# [TASK DIRECTIONS]
Copy, please, the line with "Linen-Blend Scarf-Detail Dress" and each line that follows it through the end of the data below, exactly as given and without pictures.

[Excerpts from a dataset]
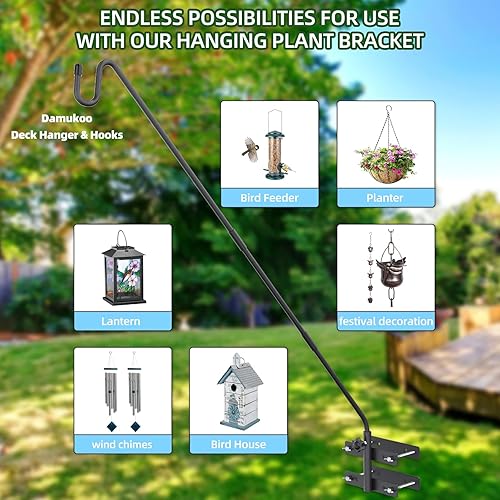 Miniatura 5 de Gancho de cubierta para colgar plantas al aire libre, colgador de comedero de pájaros para barandilla de cubierta, soporte de ganchos de pastores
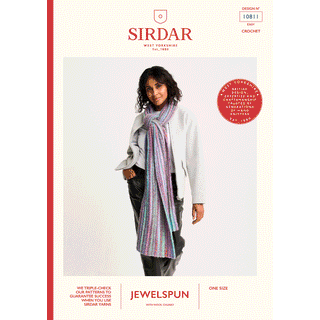 S10811 Rich Seam Crochet Scarf in Sirdar Jewelspun with Wool Chunky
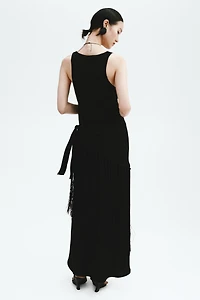 Linen-Blend Scarf-Detail Dress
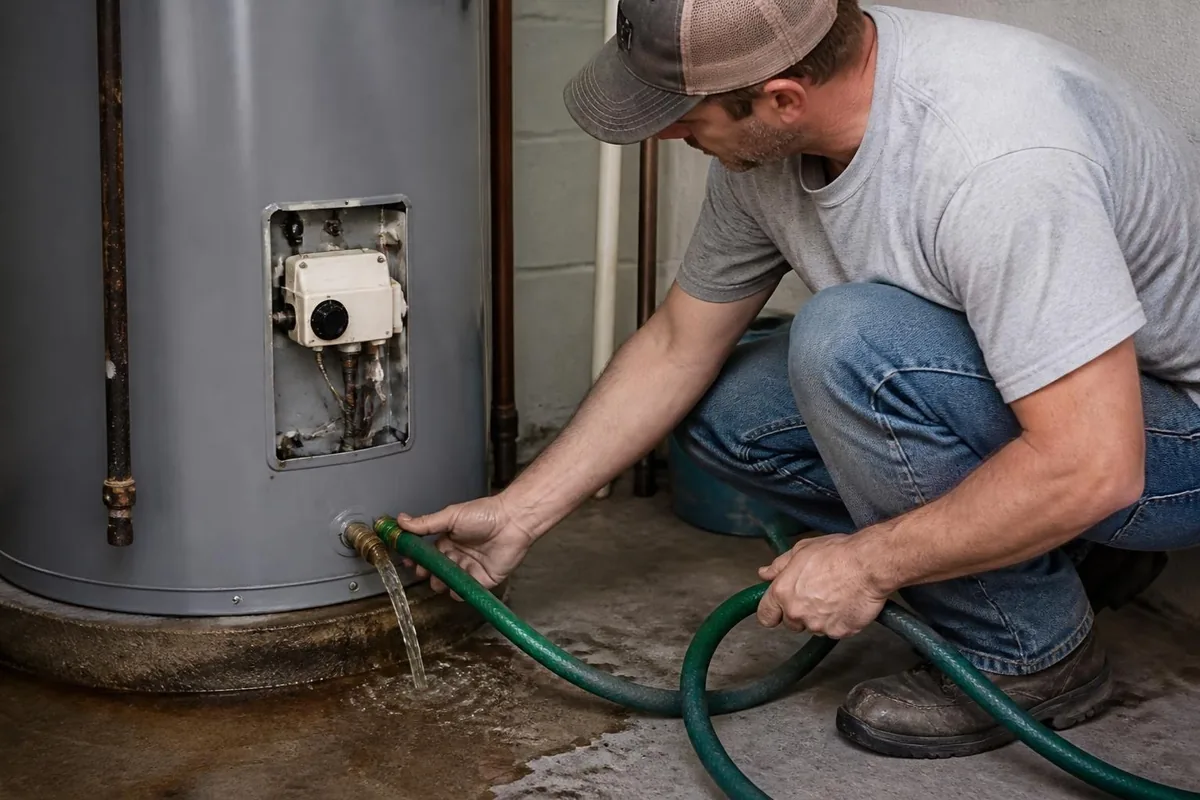 Plumber draining sediment from a tank water heater with a garden hose, water heater repair in Winston-Salem, NC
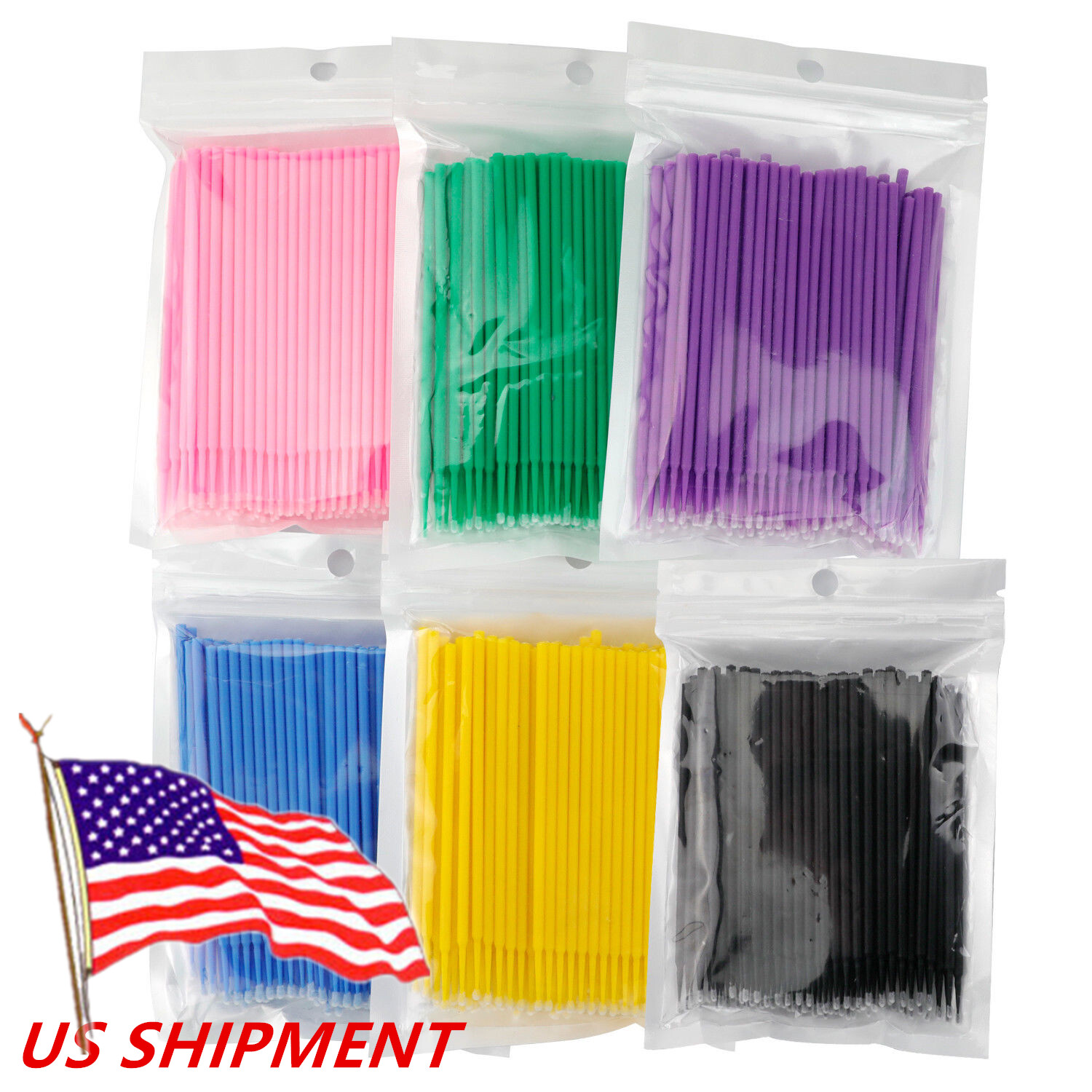 100/300/500pc Dental Micro Brush Disposable Eyelash Medium Tooth Applicators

# [EXERCISE RESPONSE]
 Linen-Blend Scarf-Detail Dress
 Plumber draining sediment from a tank water heater with a garden hose, water heater repair in Winston-Salem, NC
 100/300/500pc Dental Micro Brush Disposable Eyelash Medium Tooth Applicators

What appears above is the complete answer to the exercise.